Подхватил лихорадку. Оказался слабее, чем думал.

В географическом смысле первая строчка этого фрагмента не совсем достоверна: возвращаясь из Китая через Атлантику, Оден побывал в Нью-Йорке. Можно сказать, что, подобно иным историческим лицам, путешествуя на Восток, он открыл Америку. Впоследствии, когда Оден переехал в Америку окончательно, многие писали о его измене республиканским убеждениям, об измене отечеству накануне страшной войны. Но современного человека нельзя определить единственным мотивом, тут был не только страх перед надвигающейся угрозой, но и интуитивное желание обновления поэтического языка, изжитого за десять лет поэтической деятельности, а теперь еще и перепачканного, девальвированного пропагандой, как германской, так и антифашистской. Поиск материала, языка — уводил Одена с материка на материк. Америка стала для Одена новым единством времени, места и действия; они — Оден и Ишервуд — сошли на ее берег в день падения испанской республики, в чем при желании можно усмотреть символический смысл, о котором, собственно, и пишет Оден в знаменитом своем, программном стихотворении «1 сентября 1939 года». Мысль, заявленную в этом стихотворении, можно расценить как банальную, но время, особенно наше, показывает, что мы вынуждены жить в этой банальности даже сегодня; что мы не можем «решить» ее, справиться с ней. Эта мысль — о фатальной неспособности демократии противостоять диктатуре сумасшедшего одиночки-маньяка. Что массы покорно и беспечно следуют за ним в историческую пропасть; что добрая воля ничто перед силой зла, а индивидуум перед общей целью государственной машины. Финальная строчка этого стихотворения гласила «Мы должны любить друг друга или умереть» (позже Оден поменял союз на «и»). В силу очевидности этого призыва перед лицом надвигающейся катастрофы стихотворение это стало невероятно популярным. Правда, несколько лет спустя Оден отказался от него, заявив о «неизлечимой нечестности содержания». Эта нечестность заключалась в том, что содержание больше не соответствовало Одену, каким он постепенно становился в Америке. Еще один период в жизни закончился, еще одна война Добра со Злом была проиграна. Правда, отступая перед Злом, Оден по-прежнему остается сторонником действия, его первый и единственный брак заключается именно накануне войны, он фиктивно женится на Эрике Манн, дочери Томаса Манна, чтобы вызволить ее из нацистской Германии.
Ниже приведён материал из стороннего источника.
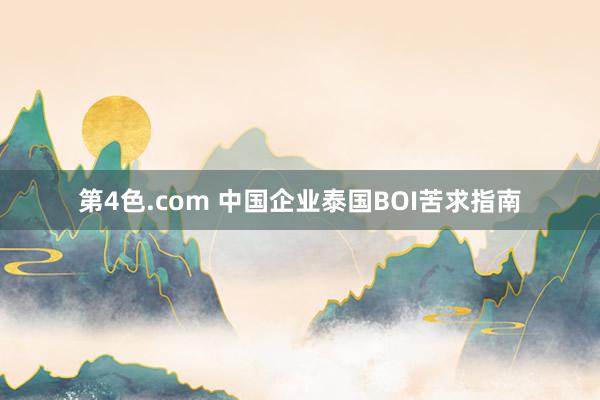 第4色.com 中国企业泰国BOI苦求指南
В Америке Оден все чаще пишет о своих религиозных взглядах (рождественская оратория «В настоящий момент», 1944) и об эстетических принципах («Зеркало и море», комментарий к «Буре» Шекспира, 1944). Оба этих огромных сочинения были с точки зрения формы великолепны, но — после Лоуренса, Маркса, Кьеркегора, Элиота, Йейтса и Харди — постепенно его идолом становился многотомный словарь английского языка. Теперь, о чем бы он ни писал, его главным героем в будет самый универсальный авторитет: поэтический материал языка.
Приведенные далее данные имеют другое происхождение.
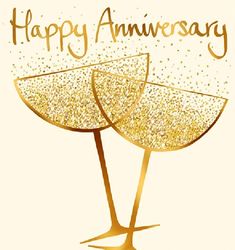 two champagne glasses with the words happy anniversary written in gold glitters on white background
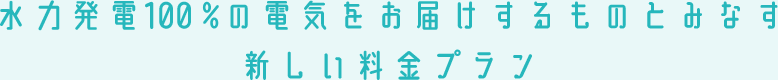 水力発電100%の電気をお届けするものとみなす新しい料金プラン
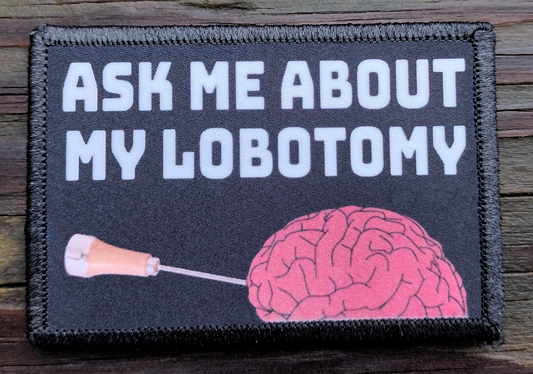 Ask Me About My Lobotomy Morale Patch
                                  *  *  *

Я закончил работу и молча сижу у окна.

Мои мысли подобны баранам — бегут кто куда

(в основном до уборной). А в сетке из ребер, как семга,

сердце лупит хвостом, и бежит за окошком поземка.
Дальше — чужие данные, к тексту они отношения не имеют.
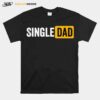 Single Dad T-Shirt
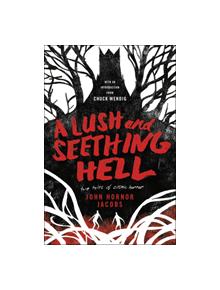 A Lush and Seething Hell - 9780062880826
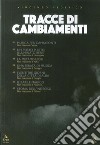 Tracce di cambiamenti libro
В Америке Оден погружен в рутину, он преподает и пишет: отзывы, предисловия,  критику. В 1963 году выходит его однотомник избранной эссеистики «Рука красильщика», лучшее из нестихотворного наследия поэта; книга, ставшая классикой жанра. В критической прозе Оден продолжает говорить о том же: о взаимосвязи темы и формы; о том, как поэтический материал переигрывает идеи, насколько поэтическое видение мира определяет судьбу поэта и его книг — и насколько оно бессильно перед ходом жизни; о тех, кто являет собой лучшее этому подтверждение. Фрост, По, Шекспир, Кавафис, Йейтс, Кафка — говоря о них, Оден демонстрирует самую замечательную смесь проницательности и бесстрастия, как будто подтверждая слова Вордсворта о том, что непосредственное чувство слишком навязчиво, поглощено собой, а плодотворно лишь то, которое отстоялось. Отстраненность взгляда — особенность оденовской эссеистики; общее положение его мысли в этих текстах — что настоящее стихотворение «рождается» по вдохновению в не меньшей степени, чем из мастерства ремесленника. Оденовское предложение в этой прозе — растянуто и уравновешенно придаточными конструкциями. Дистанция превращает его в медленное чтение, а логическая афористичность придает завершенность. Спорить с Оденом в этих эссе бессмысленно, Оден уже решил для себя все. Иногда кажется, что и вся структура эссе лишь вариант сложноподчиненного предложения с вводными конструкциями цитат, придаточными предложениями исторических экскурсов, деепричастными оборотами комментариев и скобками скрытых цитат. Что будет через абзац — точка? запятая? тире? Непредсказуемо.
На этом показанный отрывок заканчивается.